Les oiseaux de France lui doivent une fière chandelle. Pas plus grand qu’un pigeon, démarche maladroite et figure pittoresque, le macareux moine a dû faire glousser plus d’un observateur. Mais c’est bien grâce à ce « clown des mers » que les volatiles en péril peuvent aujourd’hui être préservés. Cet oiseau marin est à l’origine de la création de la Ligue de protection des oiseaux (LPO), dont il est l’emblème. Un honneur qui a un prix. « Comme tous les oiseaux qui ont un peu trop fait confiance à l’homme, le macareux moine l’a payé très cher », soupire Jean-François Certin, bénévole à la LPO en Loire-Atlantique.

Cet oiseau peu farouche, présent dans tout l’Atlantique Nord, a fait les frais de la bêtise humaine durant la première décennie du XXe siècle. Sur les côtes de Bretagne, où il avait alors ses habitudes, un tourisme macabre vante « la chasse au macareux ». Des trains entiers de vacanciers débarquent armés de fusils pour traquer le calculot, patronyme local du pauvre volatile dont les cadavres s’amoncellent sur les sentiers rocheux des îles bretonnes. Marc Duquet, rédacteur en chef de la revue Ornithos et auteur de l’ouvrage Il faut sauver nos oiseaux (à paraître en octobre aux éditions Delachaux et Niestlé), dresse un funeste bilan de cette chasse barbare. « Au XIXe siècle, écrit-il, on dénombrait entre 10 000 et 15 000 macareux moines répartis sur les côtes rocheuses normande et bretonne (…), le massacre organisé, dont l’espèce fut l’objet dans la première décennie du XXe siècle, faillit aboutir à sa disparition des côtes françaises : il ne restait que quelques centaines de couples de macareux en France en 1911… »

Heureusement pour lui, l’ornithologue français Louis Magaud d’Aubusson, fondateur de la LPO en 1912, se penche sur son triste sort. Son combat aboutit « à l’interdiction, en 1913, de cette chasse stupide et à la création de la réserve naturelle des Sept-Îles, dans les Côtes-d’Armor », apprend-on dans Il faut sauver nos oiseaux. Cela permet aux populations de macareux moines de connaître un net regain dans les années 1920-1930. Mais « le Polichinelle des mers », comme l’appellent nos voisins italiens en référence à son bec coloré, n’est pas au bout de ses peines. Dans les années 1960-1970, le nombre de couples dégringole. « Plusieurs marées noires ont entraîné des pertes énormes chez ces oiseaux, beaucoup d’entre eux sont morts englués dans le pétrole », raconte Jean-François Certin. « En Bretagne, celles dues au Torrey-Canyon, en 1967, puis à l’Amoco-Cadiz en 1978 ont engendré une chute de 44 % de la population nicheuse des Sept-Îles », écrit Marc Duquet.
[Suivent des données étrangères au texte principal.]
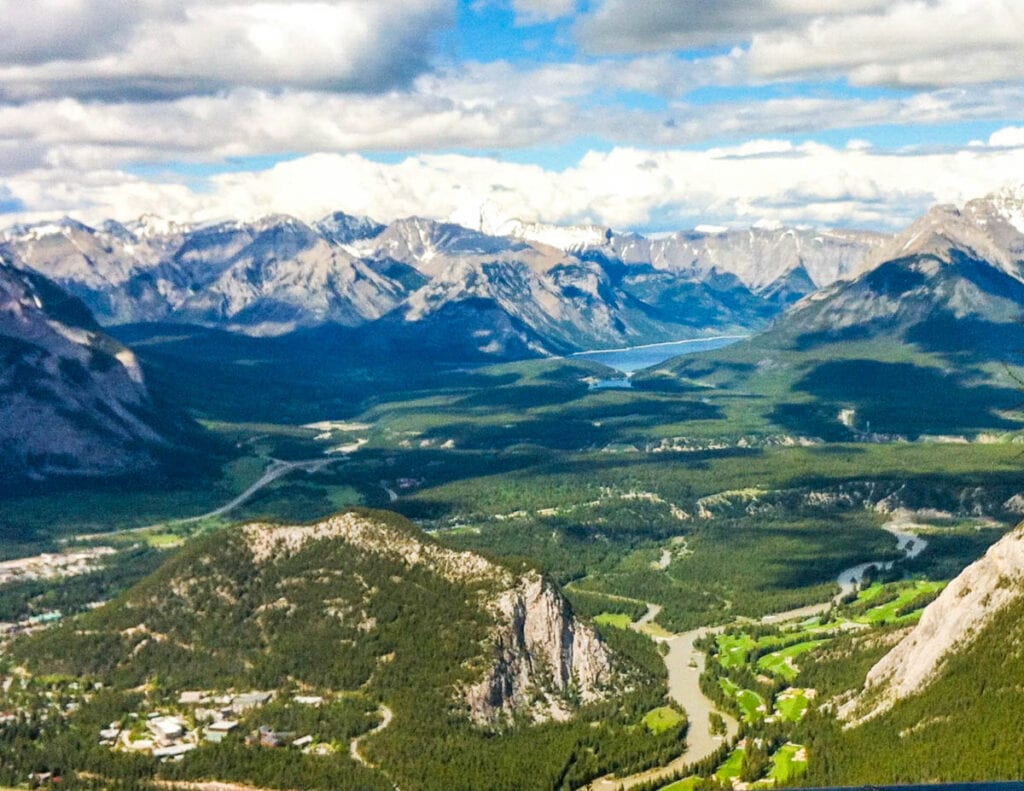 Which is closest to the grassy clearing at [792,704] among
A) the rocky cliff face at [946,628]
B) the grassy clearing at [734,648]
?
the rocky cliff face at [946,628]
En France, le macareux moine est « en danger critique », selon la liste rouge des espèces menacées de l’Union internationale pour la conservation de la nature (UICN). On ne peut plus l’observer qu’au large de la ville de Perros-Guirec, en Bretagne. L’archipel des Sept-Îles abrite la dernière colonie française. Moins de 200 couples seulement y nichent, selon un recensement de 2012 dans l’Atlas des oiseaux nicheurs de France métropolitaine (Delachaux, 2015), de l’ornithologue Nidal Issa. « Les macareux nichent dans des terriers qu’ils creusent ou qu’ils installent sous une pierre », explique Jean-François Certin. Au sol, son air malhabile peut prêter à sourire, mais dans l’eau, son agilité force l’admiration. « C’est un oiseau qui passe le plus clair de son temps en haute mer, il ne retourne dans son terrier que pour se reproduire », détaille Nidal Issa. « C’est un excellent pêcheur, poursuit Jean-François Certin, ses ailes courtes et musclées et son plumage très serré font de lui un nageur très habile. » À la vitesse de l’éclair, le macareux moine fend la surface de l’eau, plongeant jusqu’à 20 mètres de profondeur pour attraper lançons, harengs et d’autres petits poissons dont il se nourrit.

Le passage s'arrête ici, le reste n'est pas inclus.